Give this some thought now so that it's easier to remember which copy you're working on later.
 Your project on the GitLab server
Roadmap for these tutorials

Finding this project again in the future

Before we go on to the next task let's make sure that you can find the correct project again the next time you log in.  This is important because you now have access to two projects: the original one that the instructor made, and your own personal project that you just forked.

Let's see the list of these projects by clicking on either 'Go to dashboard' or the word 'GitHub' in the above picture (next to the '3').  Either one will take you back to the dashboard, which shows you the list of projects that you have access to.  Your list should look similar to the following:

dashboard after forking

The most important thing to notice is that you now have access to two, similarly named projects:

Go back to your personal project by clicking on the link labeled Testy McTest / bit142_assign_1.

 Your project on the GitLab server
Roadmap for these tutorials

Edit A File

The final step is to edit a file on the server.  In the left hand column (in the above picture) you should click on the link labeled 'Files' (in the picture, '2' points to this link).

You'll then see something that looks like the following:

'Files' list

If you want to view (or edit) a particular file you click on it's name.  In the above picture, if you wanted to edit "File.txt" you can click on it's name (the '1' points at File.txt).

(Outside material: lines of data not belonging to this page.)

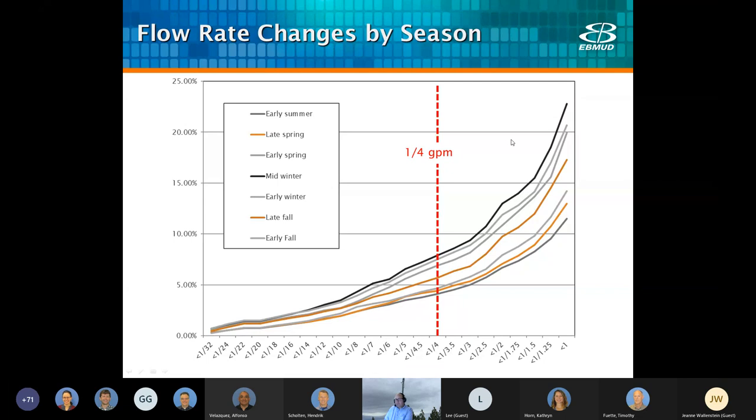Flow rates change by season. This is a study from the unmeasured flow project where we looked at customers' flow rates. As we expected, in the winter months there's lower flow. Looking at the chart showing the percentage of flow below a certain flow rate, quite a bit of the flow is actually below that quarter gallon per minute, which is our meter accuracy threshold. Obviously, it's a bigger problem in the winter than in the summer.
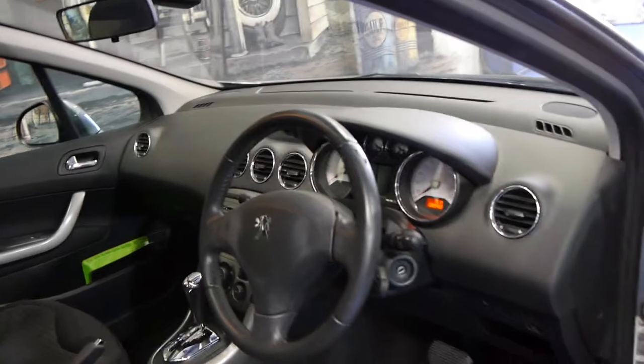We think these represent excellent value secondhand. They're very reliable, and this car does have a very good logbook service history, mainly at the dealer.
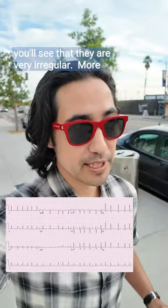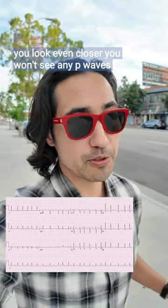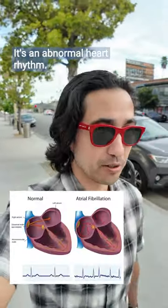But if you look closer, you'll see that they are very irregular — more specifically, irregularly irregular. And if you look even closer, you won't see any P waves. So you've probably guessed it: this is atrial fibrillation. It's an abnormal heart rhythm.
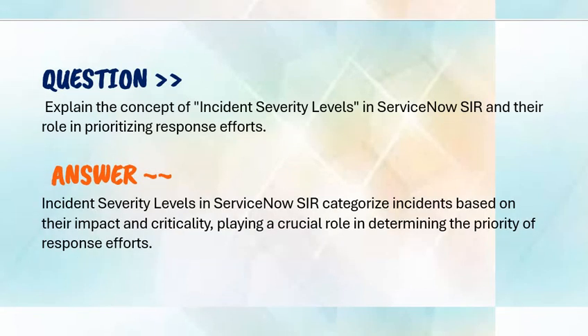Our next question is: explain the concept of incident severity levels in ServiceNow SIR and their role in prioritizing response efforts.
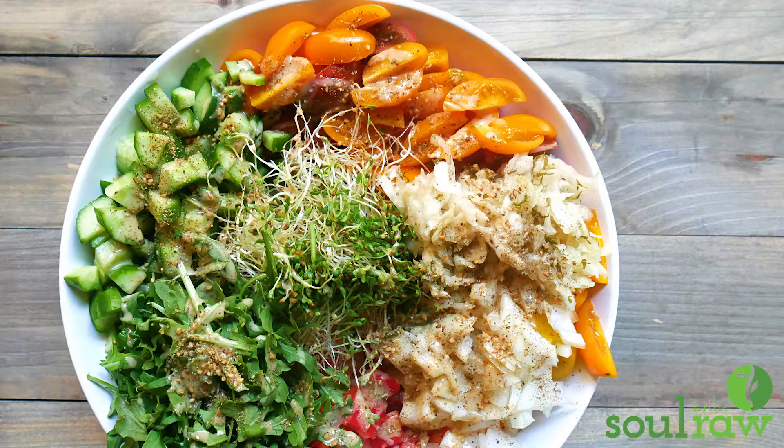Hi everyone, this is Marina from Soul in the Raw. I'm a vegan blogger, educator and recipe creator, and today I want to talk about a really important subject — some mistakes that people make when they're trying to make healthy vegan food taste good.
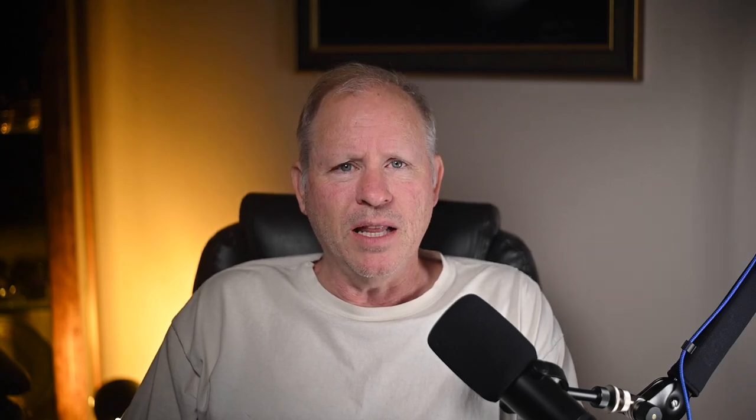A 1970 911T engine sold for $4,100. A little scarce on background information, this may have been a fair sale.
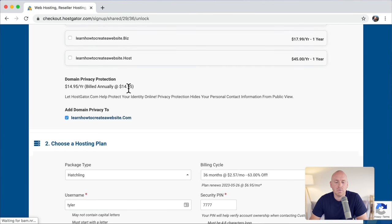If we scroll down, it's going to ask: do we want domain privacy protection? When you register a domain name, your name, email, and phone number are available for someone to look up on the internet, and sometimes you'll get spam calls and emails. Domain privacy protection hides all of that information. Some people get really annoyed with the spam calls and emails, but it doesn't bother me that much and I want to save as much money as possible. So I'm just going to uncheck this.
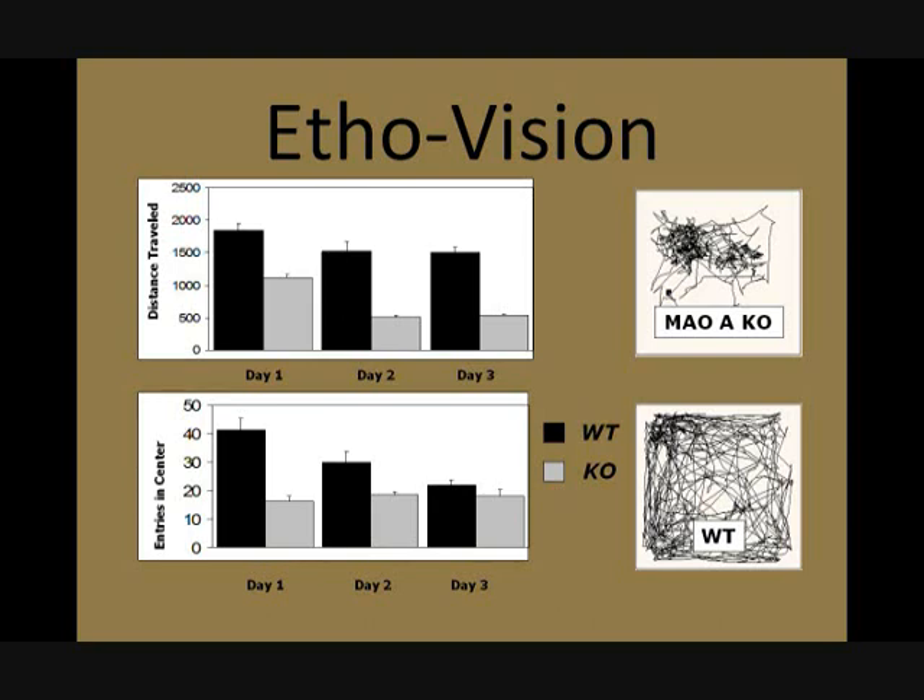ItoVision also tells us the distance traveled and the entries the mouse makes into the center of the map. As you can see, black represents wild type and gray represents knockout. The black color of the wild type mouse shows that it tends to move more frequently into the center, while the knockout mouse does not move as much.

As an aside: if you wanted to create a new file in your project you can click on the plus sign that the '2' points to.  You should then see a page that looks something like this:

Viewing a single file

In order to edit the file you need to click on the button labeled 'Edit', pointed to by the '1' in the above picture. 

Other useful links:

After you click on the 'Edit' button you should see the following:

Edit a file

You can make changes by clicking in the large textarea box pointed to by the '1' arrow.

NOTE: For this exercise please add your changes at the END of the file so it's super-clear what your changes are.

You won't be allowed to store your changes (to 'commit' your changes) until you enter a short message that describes what your change was.  You can do this by typing something into the 'Commit Message' box (pointed to by '2')

Lastly, you can store your changes by clicking on the labeled 'Commit Changes' (pointed to by '3').  In the above picture that button is dimmed because there's no Commit Message (i.e., the box pointed to by the '2' is still empty), but it will become active once you add a commit message. 

After successfully committing (storing) your change you should be brought back to the page which shows you the contents of your file.  You should see the changes that you made in the file.